È il momento di planare. Le assistenti di volo, Carolina Pavan e Janete Ballarotti, passano lungo il corridoio per accertarsi che le cinture siano allacciate correttamente. L’atterraggio è senza scossoni; spenti i motori, si iniziano le procedure di sbarco. Le poche battute in italiano che scambio col compagno di viaggio sono intercettate da un signore sulla sessantina che sta prendendo il suo bagaglio a mano dalla cappelliera. «Scusate, venite dall’Italia? – domanda timidamente in portoghese –. Mio nonno era di Marostica, in provincia di Vicenza». Una volta saputo che sono veneto, Ademir Costacurta, questo il suo nome, abbandona ogni forma di riservatezza e sfodera un dialetto veneto forse un po’ arcaico, ma ancora comprensibilissimo. Racconta del suo passaporto italiano, conseguito dopo anni di paziente attesa, e del primo viaggio nel Bel Paese, un paio d’anni fa, per festeggiare le nozze d’argento: «La più bella vacanza della mia vita, non la dimenticherò mai». Dietro di lui si fa largo una signora, sui quarant’anni: «Scusate, ma anche la città di Castelmassa si trova in Veneto? Lì è nato mio bisnonno Francesco...». Mentre cerco di rispolverare la toponomastica del Veneto, con la coda dell’occhio noto, sei file più indietro, un altro signore che si sbraccia per attirare la nostra attenzione. Quando ci è vicino tira fuori dalla giacca una carta d’identità rilasciata dal Comune di Spresiano, in provincia di Treviso, e intestata ad Alexandre Peccin, di 32 anni: «Tre anni fa mi sono specializzato all’Università di Padova, la città del Santo» e mi lascia in mano un biglietto da visita dal quale apprendiamo che l’interlocutore è già un affermato manager di una grande azienda meccanica di San Paolo.

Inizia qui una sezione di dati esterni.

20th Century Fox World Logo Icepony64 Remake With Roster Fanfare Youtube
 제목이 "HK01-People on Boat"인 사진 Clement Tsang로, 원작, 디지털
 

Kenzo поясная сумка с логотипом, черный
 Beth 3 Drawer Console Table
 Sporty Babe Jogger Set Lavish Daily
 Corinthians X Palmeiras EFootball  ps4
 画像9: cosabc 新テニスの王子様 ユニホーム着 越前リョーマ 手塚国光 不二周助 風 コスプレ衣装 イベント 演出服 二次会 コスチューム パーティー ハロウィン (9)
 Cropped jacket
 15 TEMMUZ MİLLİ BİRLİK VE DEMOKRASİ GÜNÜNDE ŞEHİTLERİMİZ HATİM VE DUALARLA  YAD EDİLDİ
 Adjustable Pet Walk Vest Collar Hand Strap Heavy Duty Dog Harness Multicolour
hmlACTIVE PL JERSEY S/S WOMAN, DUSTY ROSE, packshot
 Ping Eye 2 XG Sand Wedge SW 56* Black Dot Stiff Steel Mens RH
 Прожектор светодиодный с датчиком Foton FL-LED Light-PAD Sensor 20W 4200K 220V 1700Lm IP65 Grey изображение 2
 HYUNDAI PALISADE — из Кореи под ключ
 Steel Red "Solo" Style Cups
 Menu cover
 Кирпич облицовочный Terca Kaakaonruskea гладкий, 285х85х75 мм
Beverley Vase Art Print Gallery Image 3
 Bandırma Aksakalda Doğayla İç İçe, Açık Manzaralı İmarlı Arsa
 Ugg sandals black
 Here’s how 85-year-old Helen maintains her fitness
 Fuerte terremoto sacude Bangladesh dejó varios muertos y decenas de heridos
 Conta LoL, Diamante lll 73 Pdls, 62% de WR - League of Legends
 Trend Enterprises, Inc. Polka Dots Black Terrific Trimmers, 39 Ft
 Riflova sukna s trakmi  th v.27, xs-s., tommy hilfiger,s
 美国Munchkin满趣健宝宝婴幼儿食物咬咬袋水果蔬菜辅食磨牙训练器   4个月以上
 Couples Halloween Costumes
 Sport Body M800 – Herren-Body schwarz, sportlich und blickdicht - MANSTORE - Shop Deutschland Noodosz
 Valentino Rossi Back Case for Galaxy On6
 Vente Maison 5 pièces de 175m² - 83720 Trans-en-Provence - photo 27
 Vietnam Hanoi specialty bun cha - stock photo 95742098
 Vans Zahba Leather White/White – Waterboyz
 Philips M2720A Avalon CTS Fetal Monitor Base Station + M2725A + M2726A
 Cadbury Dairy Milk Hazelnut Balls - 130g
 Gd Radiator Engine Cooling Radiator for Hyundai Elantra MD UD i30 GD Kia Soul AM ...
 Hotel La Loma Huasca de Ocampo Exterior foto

Mentre il resto dei passeggeri inizia a defluire ordinatamente, attorno a me si è formato un capannello di una ventina di persone – tutte di origine italiana – che raccontano, fanno domande, chiedono per quanto tempo mi fermerò a Florianopolis, perché vogliono farmi conoscere la famiglia e perché – dicono – sarebbe bello passare una serata assieme a parlare della «Bella Italia», come la chiamano loro. Gente mai incontrata prima, ma che ti sembra di conoscere da una vita.
Ho il mio bel daffare a raggiungere l’uscita, circondato dall’affetto di tanti oriundi ai quali, arrivati nelle prime file, si aggiungono le due hostess e il comandante Marchesini. Anche loro a declamare, con un certo orgoglio, i nomi dei piccoli Comuni dai quali partirono, tanti anni fa, nonni e bisnonni.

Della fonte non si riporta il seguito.